From “Family Friendly” to “Too Advanced”: A History of Snowbird Resort’s Marketing Strategies from 1978 to Now

The Mountain, The Myth, The Legend

Snowbird Mountain in Snowbird, Utah, is an easy mountain to advertise. Located in Cottonwood Canyon, Snowbird offers America’s most extended ski season, with over five- hundred inches of fresh snow per year, allowing for some of the best powder and terrain in the country. As a testament to this excellent snow, Dr. Jim Steeburgh from the University of Utah highlighted in his book that Snowbird and Alta are typically co-listed as the ski resorts in North America that receive the freshest snow annually. While Snowbird offers family-friendly activities and windy green ski trails, it is better known for its challenging terrain and options for extreme skiers. Over the past few decades, Snowbird has shifted its strategy from highlighting more family-friendly opportunities to emphasizing the advanced nature of its trails. As a young skier in 2012, I recall Snowbird’s difficult trails, making this research even more stimulating and applicable to me personally.

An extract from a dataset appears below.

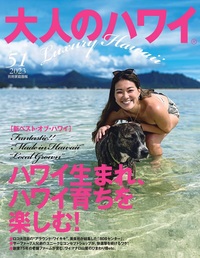 大人のハワイ vol.57 - 世界文化社グループ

Me on the Snowbird Tram circa 2012

Family Fun Time

“There is only one thing better than skiing at Snowbird; it is skiing Snowbird at half price,” is the opening catch line to an on-air Snowbird advertisement for KUTV news. The 1978 thirty- second advertisement stresses that Snowbird offers alternatives for everyone. While it aimed to sell day passes at the whopping price of six dollars or less, its greater purpose was to entice more families to the resort. For example, the advertisement highlighted that Snowbird has “short easy trails or long rolling runs,” offering terrain for both beginner and advanced skiers within a family. It also mentioned the availability of activities after skiing, including shopping and dining, for those who might be less concerned with the sport but more interested in après skiing and drinks. Dr. Susan Session Rugh, a history professor at Brigham Young University, discussed the Tramway Bar at Snowbird, known for its “jammed tables, live rock and tippling table hopping,” further emphasizing the presence of nightlife and drinking at the mountain. Finally, the video noted family discounts and ski lessons for children, making a final appeal to families looking for a skiing vacation due to financial incentives. Through this advertisement, Snowbird solidified its reputation as a family-friendly resort with opportunities for magic carpet to double black diamond skiers. Parents can bring their children for a family discount and get the entire Snowbird experience.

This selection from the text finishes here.